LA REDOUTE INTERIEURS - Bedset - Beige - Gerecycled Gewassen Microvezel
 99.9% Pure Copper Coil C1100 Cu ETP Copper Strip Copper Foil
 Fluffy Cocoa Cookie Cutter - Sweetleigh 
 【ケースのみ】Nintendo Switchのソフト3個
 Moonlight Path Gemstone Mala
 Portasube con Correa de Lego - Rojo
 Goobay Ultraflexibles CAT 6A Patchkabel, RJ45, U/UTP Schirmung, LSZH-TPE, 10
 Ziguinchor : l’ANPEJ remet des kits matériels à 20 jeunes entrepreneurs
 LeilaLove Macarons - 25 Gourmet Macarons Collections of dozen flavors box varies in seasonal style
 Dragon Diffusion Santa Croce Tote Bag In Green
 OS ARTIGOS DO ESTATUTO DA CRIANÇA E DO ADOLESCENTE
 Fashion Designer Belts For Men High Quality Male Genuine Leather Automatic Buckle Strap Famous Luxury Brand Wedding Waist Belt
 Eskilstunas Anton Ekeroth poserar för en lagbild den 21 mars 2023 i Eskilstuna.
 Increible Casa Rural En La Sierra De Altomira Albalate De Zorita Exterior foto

******

▸ WHAT IS BEING ASKED
The output should match the records above exactly, line for line.

▸ SOLUTION FOR THIS EXERCISE
LA REDOUTE INTERIEURS - Bedset - Beige - Gerecycled Gewassen Microvezel
 99.9% Pure Copper Coil C1100 Cu ETP Copper Strip Copper Foil
 Fluffy Cocoa Cookie Cutter - Sweetleigh 
 【ケースのみ】Nintendo Switchのソフト3個
 Moonlight Path Gemstone Mala
 Portasube con Correa de Lego - Rojo
 Goobay Ultraflexibles CAT 6A Patchkabel, RJ45, U/UTP Schirmung, LSZH-TPE, 10
 Ziguinchor : l’ANPEJ remet des kits matériels à 20 jeunes entrepreneurs
 LeilaLove Macarons - 25 Gourmet Macarons Collections of dozen flavors box varies in seasonal style
 Dragon Diffusion Santa Croce Tote Bag In Green
 OS ARTIGOS DO ESTATUTO DA CRIANÇA E DO ADOLESCENTE
 Fashion Designer Belts For Men High Quality Male Genuine Leather Automatic Buckle Strap Famous Luxury Brand Wedding Waist Belt
 Eskilstunas Anton Ekeroth poserar för en lagbild den 21 mars 2023 i Eskilstuna.
 Increible Casa Rural En La Sierra De Altomira Albalate De Zorita Exterior foto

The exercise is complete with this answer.